子どもたちの中にはプロのサッカー選手を目指していたり,ハイレベルなチームでプレーすることを望んでいたりする選手も多いと思います.しかし,当然ではありますが,チームにも受け入れ人数の上限がありますので,全員がハイレベルなチームでプレーを続けられるわけでなく,実力が足りない場合には途中でドロップアウトということになってしまいます.
それでは,若いサッカー選手がハイレベルのチームからドロップアウトする要因は何でしょうか.何が足りないとドロップアウトになってしまうのでしょうか.
若いサッカー選手のドロップアウトについて,形態,成熟度,体力との関係を検討した研究がありますので,その論文を紹介します.
文献
A retrospective study on anthropometrical, physical fitness, and motor coordination characteristics that influence dropout, contract status, and first-team playing time in high-level soccer players aged eight to eighteen years, J Strength Cond Res, 29(6):1692-1704, 2015.
https://pubmed.ncbi.nlm.nih.gov/26010800/
研究内容
対象者はベルギーのプロサッカークラブのユースチームに所属のサッカー選手388名です(平均年齢:8.6歳~16.6歳).
2007年~2012年に測定が行われています.
被験者はクラブ群(n=247,平均12.2歳)とドロップアウト群(n=141,平均12.3歳)の2群に分けられました.
クラブ群:(2013/2014シーズンの最初に)プロサッカークラブのユースチームでプレーを継続している選手 ※詳細は不明ですが,「ドロップアウトせずに続けていた選手」という設定です.

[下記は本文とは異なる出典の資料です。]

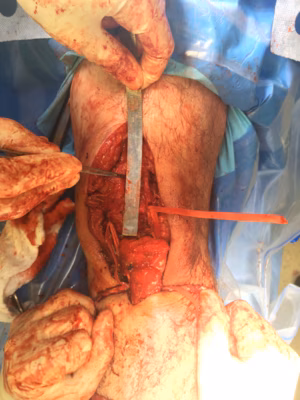 Chronic patella tendon rupture Hamstring Recon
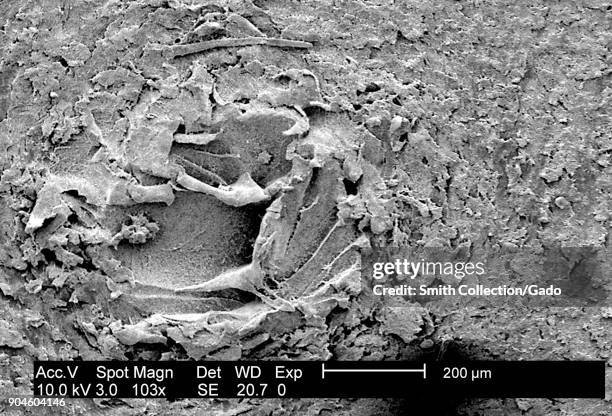 Micrograph of a 24 hour-biofilm of Proteus mirabilis , a Gram-Negative bacterial colony on a polycarbonate coupon, in low magnification , 2003. Image...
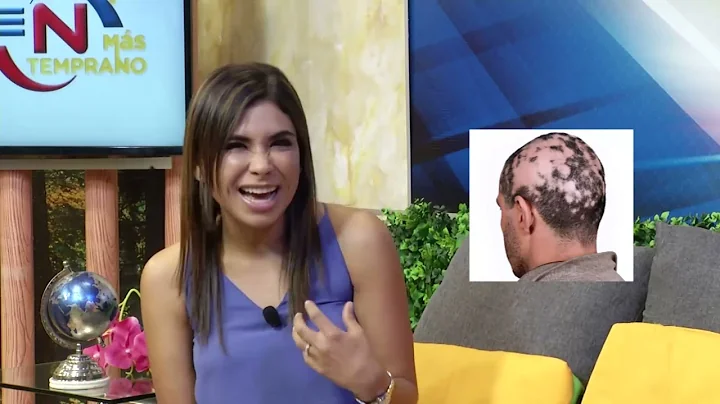 LA DERMATLOGA PEDIATRA DINORA CHAVEZ HABLA DE LA A...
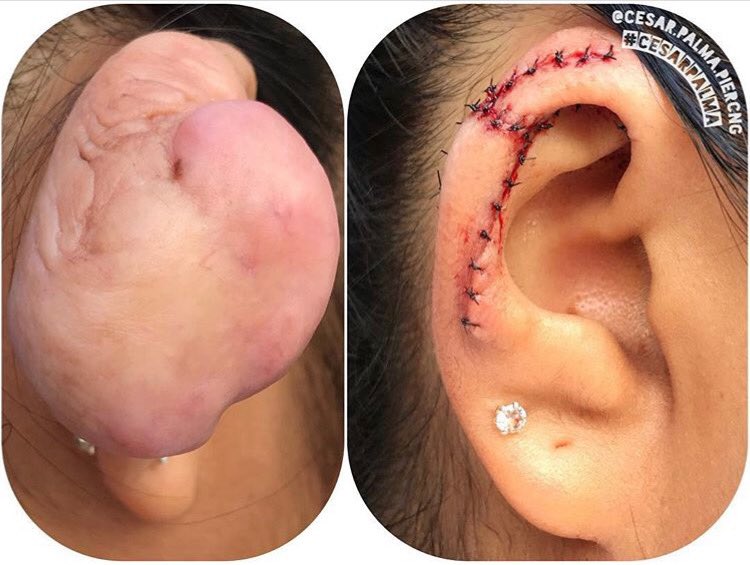 CPalmaPiercing's tweet photo. PERFÓRATE CON CUALQUIERA DECÍAN, NO PASA NADA DECIAN....
¡¡Recuerden que lo barato sale caro!!
Para ver este y muchos más de mis trabajos recuerden seguirme en mi cuenta de instagram
"Cesar.palma.piercing"
#keloid #keloids #keloidremoval #remociondequeloide #bodmod #bodmods https://t.co/IwnwgHRPkP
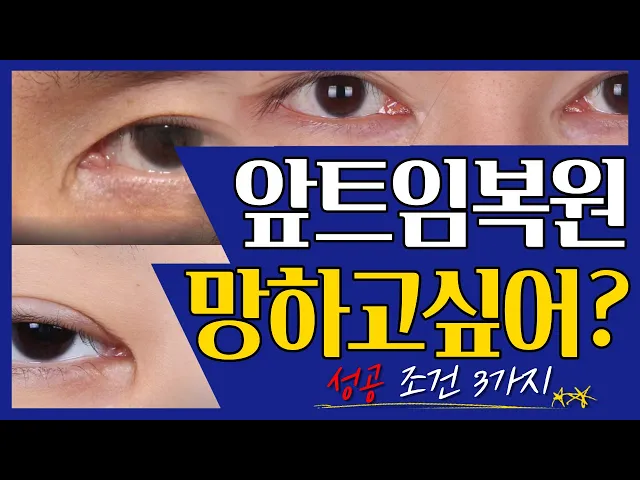 [CN] 앞트임복원 망하고 싶어? 성공조건 3가지! 👨🏻‍⚕️ | 김순동원장 |  순플러스성형외과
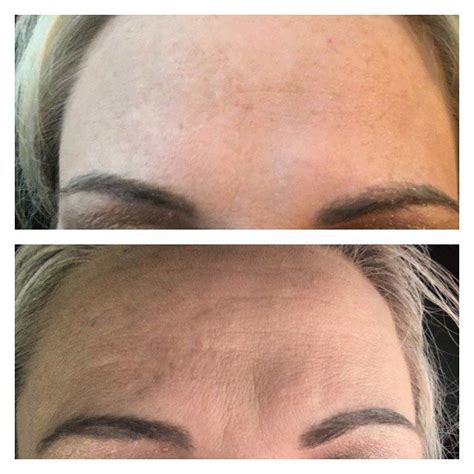 Dermarolling Before and After Pics - Dermarolling for Scars and Acne ...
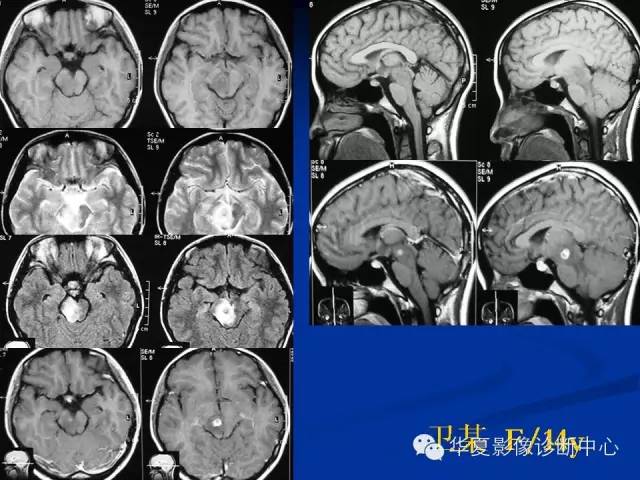颅脑肿瘤MR诊断与鉴别诊断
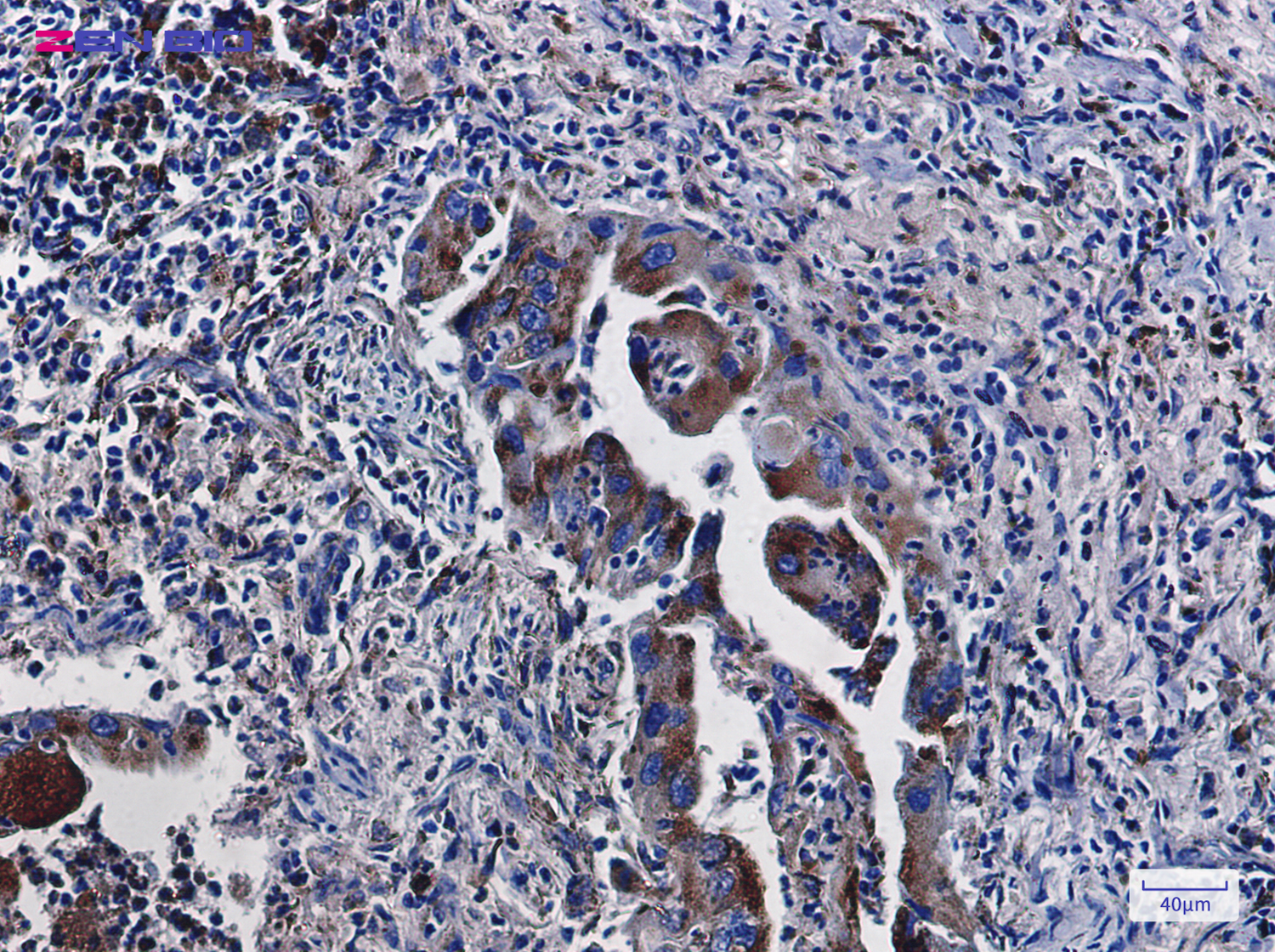 Immunohistochemistry of LAMP2 in paraffin-embedded Human lung cancer tissue using LAMP2 Rabbit pAb at dilution 1/100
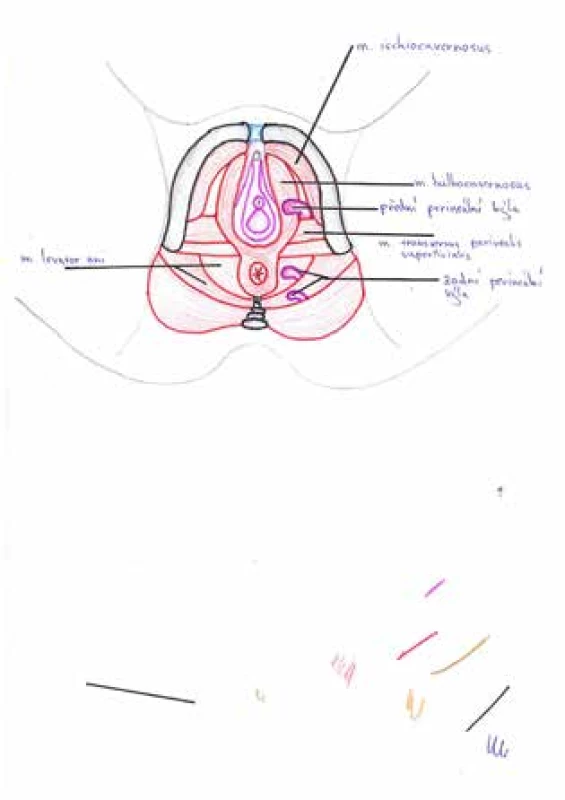 Pozice perineálních kýl vzhledem ke svalům pánevního dna, pacientka v litotomické poloze<br>
Fig. 4: Position of perineal hernia in pelvic floor; patient in
the lithotomy position
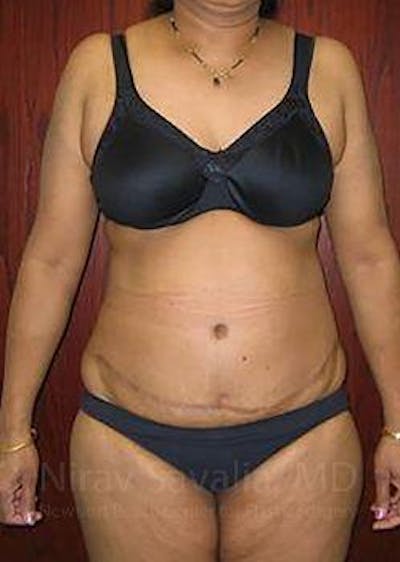 Case--1655636 | After Body Contouring After Weight Loss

ドロップアウト群:最初の測定から2年以内に低いレベルのチームに移ったか,あるいはサッカーを辞めた選手
結果は下表の通りです.
蛍光マーカー箇所は有意差が認められています.黄色はクラブ群が大きい,あるいは,優れていることを示しています.青色はドロップアウト群が大きいことを示しています.
MO(Maturity offset, 成熟度):現在の年齢が最大身長発育速度(PHV)の年齢から何年ずれているかを示します.+1であれPHVよりも1年後であることを意味します.身長,体重,座高,脚長から算出されます.
運動能力テスト:Körperkoordinations test Für Kinderというテストを用いています.サッカー特有でなく,一般的な運動能力(コーディネーション能力)を評価しています.
アジリティ:ボールドリブルのテストをドリブルなしで行い,アジリティを評価しています.
D-O:ドロップアウト群を示しています.
年齢,MO(成熟度),形態の項目では,クラブ群とドロップアウト群で有意差があるのは数か所です.
運動能力テスト(左右ジャンプ,左右移動),YOYOテスト,スプリントは多くの年代でクラブ群とドロップアウト群で有意な差が見られています.
アジリティ,ボールドリブル,立ち幅跳び,CMJでも有意差がある箇所が幾つかあります.
まとめ
・クラブ群とドロップアウト群の有意差が比較的はっきりと見られるのは,運動能力テスト(左右ジャンプ,左右移動),YOYOテスト,スプリントとなっています.
・成熟度および形態においても有意な群間差は散見されますが,はっきりとした傾向はないようです.
・ハイレベルなユースチームでは,形態や成熟度よりも,一般的な運動能力(コーディネーション能力),間欠的持久力,スプリントといった体力的な要素がドロップアウトに関係すると考えられます.
・アジリティ,ボールドリブル,立ち幅跳び,CMJでも有意な群間差は散見されますが,それほど多くなく,一貫した傾向はみられません.
・(参考までにですが)U11以下では運動能力テスト,アジリティ,ボールドリブル,5mスプリントに群間差がありますので,巧緻性やアジリティ的な要素が重視されているのかもしれません.その後,U12以降になると,YOYOテストに群間差が見られるようになり,持久性も重視されるようになり,U14 ・U15では立ち幅跳びとCMJにも群間差が見られるため,この年代ではパワーの要素が重視されているのかもしれません.
・年代や国によってもドロップアウトの要因は異なると思いますので,様々な研究を総合的に見ていく必要があると思います.